Entries taken from a collection:
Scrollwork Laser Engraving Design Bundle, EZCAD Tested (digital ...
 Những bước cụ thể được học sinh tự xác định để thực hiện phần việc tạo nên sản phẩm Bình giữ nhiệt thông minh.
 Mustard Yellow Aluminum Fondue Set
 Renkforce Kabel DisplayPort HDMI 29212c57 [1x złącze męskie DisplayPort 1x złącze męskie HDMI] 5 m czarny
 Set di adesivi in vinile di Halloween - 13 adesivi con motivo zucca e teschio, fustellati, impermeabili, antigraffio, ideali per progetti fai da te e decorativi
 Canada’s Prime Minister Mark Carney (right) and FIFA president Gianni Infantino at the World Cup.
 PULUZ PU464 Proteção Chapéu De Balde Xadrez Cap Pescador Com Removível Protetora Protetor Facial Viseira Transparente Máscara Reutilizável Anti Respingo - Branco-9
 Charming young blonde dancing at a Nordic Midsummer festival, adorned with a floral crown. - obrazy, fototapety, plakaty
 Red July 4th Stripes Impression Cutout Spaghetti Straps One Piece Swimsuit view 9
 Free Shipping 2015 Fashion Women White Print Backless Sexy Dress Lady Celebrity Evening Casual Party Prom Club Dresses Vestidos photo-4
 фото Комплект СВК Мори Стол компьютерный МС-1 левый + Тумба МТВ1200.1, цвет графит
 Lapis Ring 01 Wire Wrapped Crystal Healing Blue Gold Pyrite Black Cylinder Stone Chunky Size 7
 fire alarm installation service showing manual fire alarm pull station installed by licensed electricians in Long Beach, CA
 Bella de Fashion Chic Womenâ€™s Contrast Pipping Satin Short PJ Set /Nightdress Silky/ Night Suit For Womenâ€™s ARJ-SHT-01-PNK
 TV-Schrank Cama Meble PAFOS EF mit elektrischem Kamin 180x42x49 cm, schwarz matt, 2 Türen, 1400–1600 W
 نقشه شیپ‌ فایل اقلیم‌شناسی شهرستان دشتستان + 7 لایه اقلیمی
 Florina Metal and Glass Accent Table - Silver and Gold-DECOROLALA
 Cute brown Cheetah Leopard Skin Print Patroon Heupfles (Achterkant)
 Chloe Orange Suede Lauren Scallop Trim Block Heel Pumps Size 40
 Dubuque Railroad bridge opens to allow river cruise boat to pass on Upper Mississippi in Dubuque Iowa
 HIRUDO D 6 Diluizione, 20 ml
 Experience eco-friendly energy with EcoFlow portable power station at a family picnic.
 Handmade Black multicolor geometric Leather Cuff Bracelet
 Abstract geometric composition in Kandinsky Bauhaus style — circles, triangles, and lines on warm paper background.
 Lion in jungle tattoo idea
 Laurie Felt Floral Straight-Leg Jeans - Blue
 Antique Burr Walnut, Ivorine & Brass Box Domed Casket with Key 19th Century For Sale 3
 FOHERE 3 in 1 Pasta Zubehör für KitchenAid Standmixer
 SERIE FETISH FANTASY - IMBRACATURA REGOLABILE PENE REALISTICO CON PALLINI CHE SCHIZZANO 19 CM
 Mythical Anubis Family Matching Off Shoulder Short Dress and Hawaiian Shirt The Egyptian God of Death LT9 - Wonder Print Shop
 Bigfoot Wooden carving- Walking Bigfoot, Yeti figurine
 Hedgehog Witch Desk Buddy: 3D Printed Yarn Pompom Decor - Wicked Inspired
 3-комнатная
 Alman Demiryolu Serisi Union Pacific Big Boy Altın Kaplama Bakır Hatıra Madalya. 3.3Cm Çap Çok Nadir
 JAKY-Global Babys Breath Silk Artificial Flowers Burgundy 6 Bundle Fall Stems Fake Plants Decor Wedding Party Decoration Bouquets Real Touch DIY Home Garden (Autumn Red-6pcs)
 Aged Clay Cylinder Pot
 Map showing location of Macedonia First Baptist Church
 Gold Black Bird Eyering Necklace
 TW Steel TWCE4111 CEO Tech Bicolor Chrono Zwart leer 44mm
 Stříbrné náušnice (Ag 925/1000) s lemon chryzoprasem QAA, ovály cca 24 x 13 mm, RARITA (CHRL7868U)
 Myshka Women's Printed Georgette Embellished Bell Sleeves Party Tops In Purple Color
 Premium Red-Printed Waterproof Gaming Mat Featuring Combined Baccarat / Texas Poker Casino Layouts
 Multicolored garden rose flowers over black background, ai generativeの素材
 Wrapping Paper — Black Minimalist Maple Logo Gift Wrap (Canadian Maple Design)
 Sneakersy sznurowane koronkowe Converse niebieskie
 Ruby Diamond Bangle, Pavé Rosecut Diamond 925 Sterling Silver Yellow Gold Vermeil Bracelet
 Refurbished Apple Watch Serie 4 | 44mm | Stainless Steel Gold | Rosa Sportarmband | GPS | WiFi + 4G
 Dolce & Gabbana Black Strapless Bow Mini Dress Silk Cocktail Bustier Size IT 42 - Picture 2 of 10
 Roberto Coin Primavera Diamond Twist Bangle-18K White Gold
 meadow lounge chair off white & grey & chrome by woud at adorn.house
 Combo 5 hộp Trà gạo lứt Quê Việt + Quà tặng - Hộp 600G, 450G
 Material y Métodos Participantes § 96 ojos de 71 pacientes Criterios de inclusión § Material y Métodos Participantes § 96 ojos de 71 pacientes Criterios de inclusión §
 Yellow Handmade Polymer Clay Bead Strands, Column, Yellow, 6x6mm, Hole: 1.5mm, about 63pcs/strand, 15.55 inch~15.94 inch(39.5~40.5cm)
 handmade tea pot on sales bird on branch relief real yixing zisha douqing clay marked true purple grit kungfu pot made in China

▶ Your goal
Each and every record above needs writing out exactly.

▶ Expected answer
Scrollwork Laser Engraving Design Bundle, EZCAD Tested (digital ...
 Những bước cụ thể được học sinh tự xác định để thực hiện phần việc tạo nên sản phẩm Bình giữ nhiệt thông minh.
 Mustard Yellow Aluminum Fondue Set
 Renkforce Kabel DisplayPort HDMI 29212c57 [1x złącze męskie DisplayPort 1x złącze męskie HDMI] 5 m czarny
 Set di adesivi in vinile di Halloween - 13 adesivi con motivo zucca e teschio, fustellati, impermeabili, antigraffio, ideali per progetti fai da te e decorativi
 Canada’s Prime Minister Mark Carney (right) and FIFA president Gianni Infantino at the World Cup.
 PULUZ PU464 Proteção Chapéu De Balde Xadrez Cap Pescador Com Removível Protetora Protetor Facial Viseira Transparente Máscara Reutilizável Anti Respingo - Branco-9
 Charming young blonde dancing at a Nordic Midsummer festival, adorned with a floral crown. - obrazy, fototapety, plakaty
 Red July 4th Stripes Impression Cutout Spaghetti Straps One Piece Swimsuit view 9
 Free Shipping 2015 Fashion Women White Print Backless Sexy Dress Lady Celebrity Evening Casual Party Prom Club Dresses Vestidos photo-4
 фото Комплект СВК Мори Стол компьютерный МС-1 левый + Тумба МТВ1200.1, цвет графит
 Lapis Ring 01 Wire Wrapped Crystal Healing Blue Gold Pyrite Black Cylinder Stone Chunky Size 7
 fire alarm installation service showing manual fire alarm pull station installed by licensed electricians in Long Beach, CA
 Bella de Fashion Chic Womenâ€™s Contrast Pipping Satin Short PJ Set /Nightdress Silky/ Night Suit For Womenâ€™s ARJ-SHT-01-PNK
 TV-Schrank Cama Meble PAFOS EF mit elektrischem Kamin 180x42x49 cm, schwarz matt, 2 Türen, 1400–1600 W
 نقشه شیپ‌ فایل اقلیم‌شناسی شهرستان دشتستان + 7 لایه اقلیمی
 Florina Metal and Glass Accent Table - Silver and Gold-DECOROLALA
 Cute brown Cheetah Leopard Skin Print Patroon Heupfles (Achterkant)
 Chloe Orange Suede Lauren Scallop Trim Block Heel Pumps Size 40
 Dubuque Railroad bridge opens to allow river cruise boat to pass on Upper Mississippi in Dubuque Iowa
 HIRUDO D 6 Diluizione, 20 ml
 Experience eco-friendly energy with EcoFlow portable power station at a family picnic.
 Handmade Black multicolor geometric Leather Cuff Bracelet
 Abstract geometric composition in Kandinsky Bauhaus style — circles, triangles, and lines on warm paper background.
 Lion in jungle tattoo idea
 Laurie Felt Floral Straight-Leg Jeans - Blue
 Antique Burr Walnut, Ivorine & Brass Box Domed Casket with Key 19th Century For Sale 3
 FOHERE 3 in 1 Pasta Zubehör für KitchenAid Standmixer
 SERIE FETISH FANTASY - IMBRACATURA REGOLABILE PENE REALISTICO CON PALLINI CHE SCHIZZANO 19 CM
 Mythical Anubis Family Matching Off Shoulder Short Dress and Hawaiian Shirt The Egyptian God of Death LT9 - Wonder Print Shop
 Bigfoot Wooden carving- Walking Bigfoot, Yeti figurine
 Hedgehog Witch Desk Buddy: 3D Printed Yarn Pompom Decor - Wicked Inspired
 3-комнатная
 Alman Demiryolu Serisi Union Pacific Big Boy Altın Kaplama Bakır Hatıra Madalya. 3.3Cm Çap Çok Nadir
 JAKY-Global Babys Breath Silk Artificial Flowers Burgundy 6 Bundle Fall Stems Fake Plants Decor Wedding Party Decoration Bouquets Real Touch DIY Home Garden (Autumn Red-6pcs)
 Aged Clay Cylinder Pot
 Map showing location of Macedonia First Baptist Church
 Gold Black Bird Eyering Necklace
 TW Steel TWCE4111 CEO Tech Bicolor Chrono Zwart leer 44mm
 Stříbrné náušnice (Ag 925/1000) s lemon chryzoprasem QAA, ovály cca 24 x 13 mm, RARITA (CHRL7868U)
 Myshka Women's Printed Georgette Embellished Bell Sleeves Party Tops In Purple Color
 Premium Red-Printed Waterproof Gaming Mat Featuring Combined Baccarat / Texas Poker Casino Layouts
 Multicolored garden rose flowers over black background, ai generativeの素材
 Wrapping Paper — Black Minimalist Maple Logo Gift Wrap (Canadian Maple Design)
 Sneakersy sznurowane koronkowe Converse niebieskie
 Ruby Diamond Bangle, Pavé Rosecut Diamond 925 Sterling Silver Yellow Gold Vermeil Bracelet
 Refurbished Apple Watch Serie 4 | 44mm | Stainless Steel Gold | Rosa Sportarmband | GPS | WiFi + 4G
 Dolce & Gabbana Black Strapless Bow Mini Dress Silk Cocktail Bustier Size IT 42 - Picture 2 of 10
 Roberto Coin Primavera Diamond Twist Bangle-18K White Gold
 meadow lounge chair off white & grey & chrome by woud at adorn.house
 Combo 5 hộp Trà gạo lứt Quê Việt + Quà tặng - Hộp 600G, 450G
 Material y Métodos Participantes § 96 ojos de 71 pacientes Criterios de inclusión § Material y Métodos Participantes § 96 ojos de 71 pacientes Criterios de inclusión §
 Yellow Handmade Polymer Clay Bead Strands, Column, Yellow, 6x6mm, Hole: 1.5mm, about 63pcs/strand, 15.55 inch~15.94 inch(39.5~40.5cm)
 handmade tea pot on sales bird on branch relief real yixing zisha douqing clay marked true purple grit kungfu pot made in China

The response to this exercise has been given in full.